Data supplied:
►
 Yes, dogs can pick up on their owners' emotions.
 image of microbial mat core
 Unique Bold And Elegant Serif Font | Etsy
◄
►
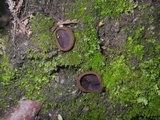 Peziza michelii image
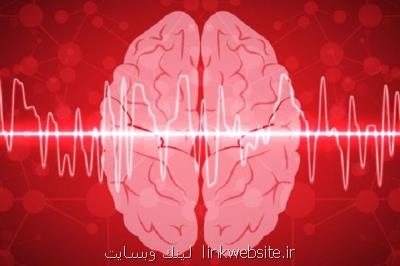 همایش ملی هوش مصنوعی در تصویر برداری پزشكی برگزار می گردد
◄
►
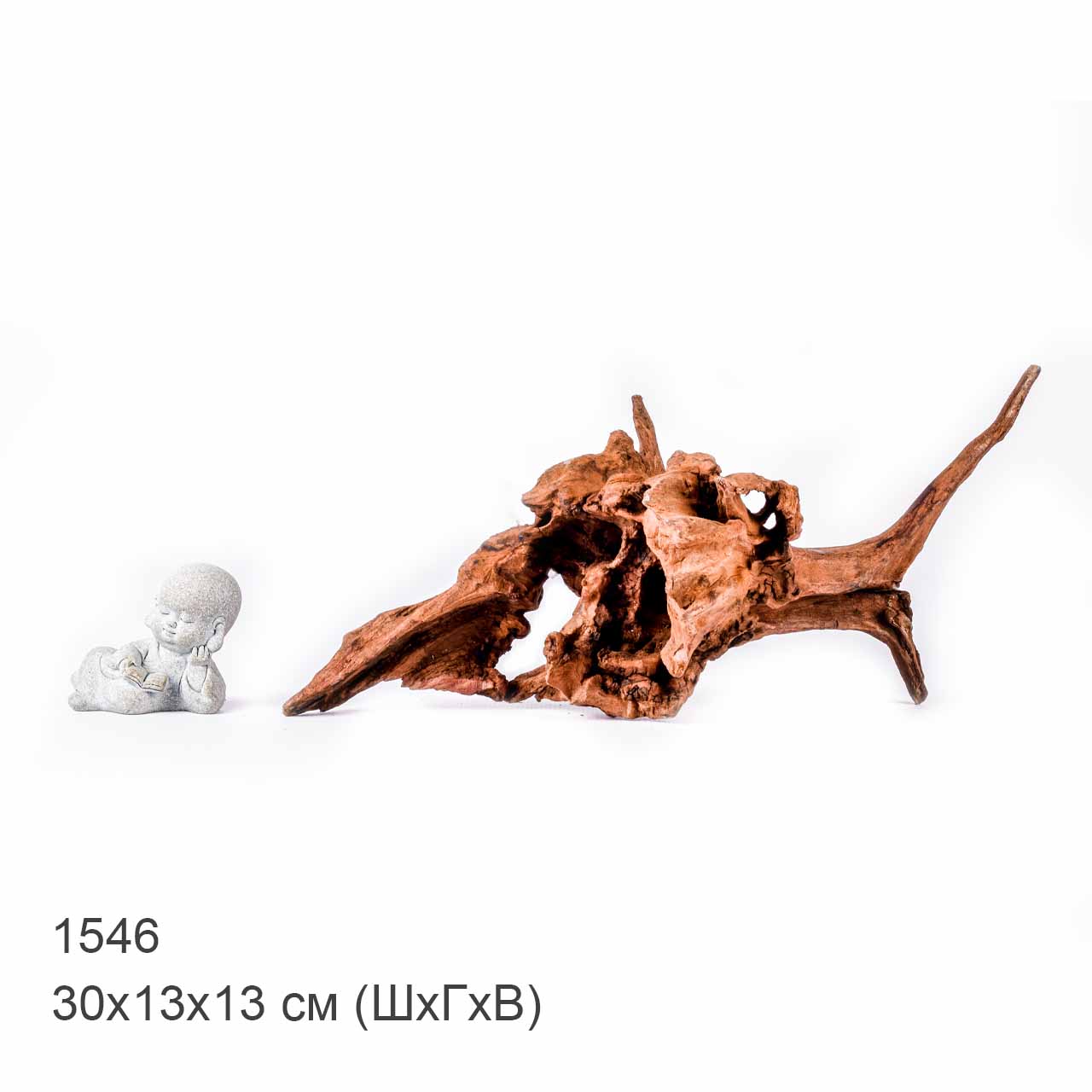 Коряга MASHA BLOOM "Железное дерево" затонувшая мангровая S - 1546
◄
What the exercise asks:
Reproduce exactly, and with no other material, the lines between those holding "Yes, dogs can" and "Unique Bold And Elegant Serif Font | Etsy", inclusive.

Final answer:
 Yes, dogs can pick up on their owners' emotions.
 image of microbial mat core
 Unique Bold And Elegant Serif Font | Etsy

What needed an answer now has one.